What is being asked:
Find the line holding "Homme portant un" in the entries below. Give it again exactly, along with every line after it up to and including the line holding "Vintage Candy Design".

Extracted data:
------------------------------------------------------------

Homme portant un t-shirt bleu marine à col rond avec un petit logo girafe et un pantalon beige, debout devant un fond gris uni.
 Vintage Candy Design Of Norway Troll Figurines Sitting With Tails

------------------------------------------------------------

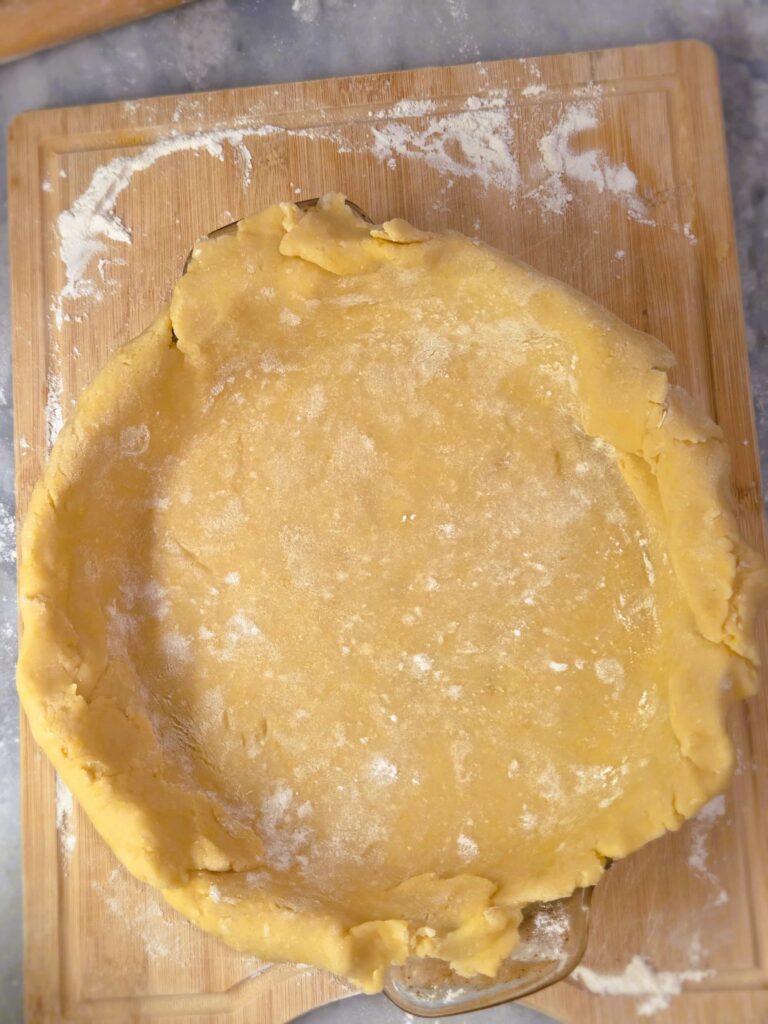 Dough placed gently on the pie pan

------------------------------------------------------------

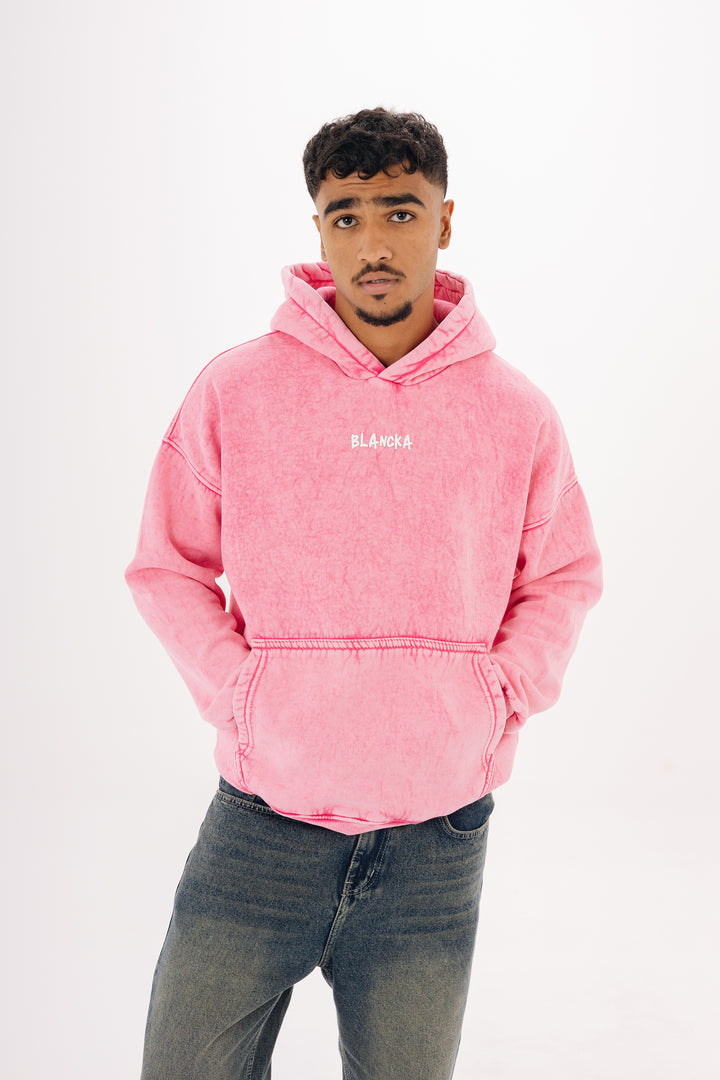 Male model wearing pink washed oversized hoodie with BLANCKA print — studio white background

------------------------------------------------------------

Response to the task:
Homme portant un t-shirt bleu marine à col rond avec un petit logo girafe et un pantalon beige, debout devant un fond gris uni.
 Vintage Candy Design Of Norway Troll Figurines Sitting With Tails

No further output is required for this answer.